#### WHAT NEEDS TO BE DONE
Give all of the listing again word for word, with images excluded.

#### EXERCISE DATA
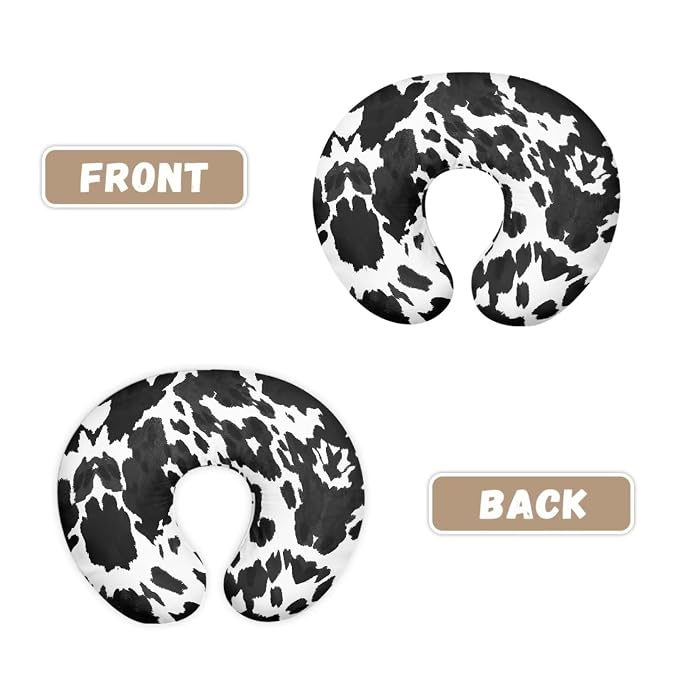 Jeiento Baby Nursing Pillow Cover for Girls Cow Print Breastfeeding Pillow Slipcover Ultra Soft Feeding Pillow Covers,Fits Naked Nursing Pillow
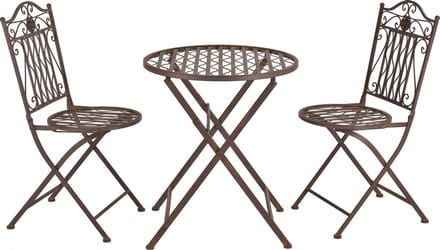 Bistroset Biella metaal tuintafel met 2 tuinstoelen bruin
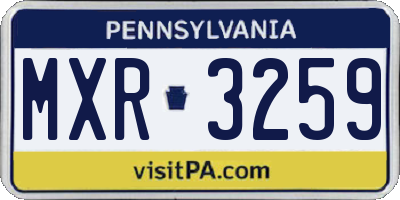 PA license plate MXR3259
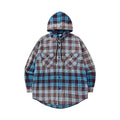 Inflation Gradient Faded Hooded Plaid Shirt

#### EXERCISE SOLUTION
 Jeiento Baby Nursing Pillow Cover for Girls Cow Print Breastfeeding Pillow Slipcover Ultra Soft Feeding Pillow Covers,Fits Naked Nursing Pillow
 Bistroset Biella metaal tuintafel met 2 tuinstoelen bruin
 PA license plate MXR3259
 Inflation Gradient Faded Hooded Plaid Shirt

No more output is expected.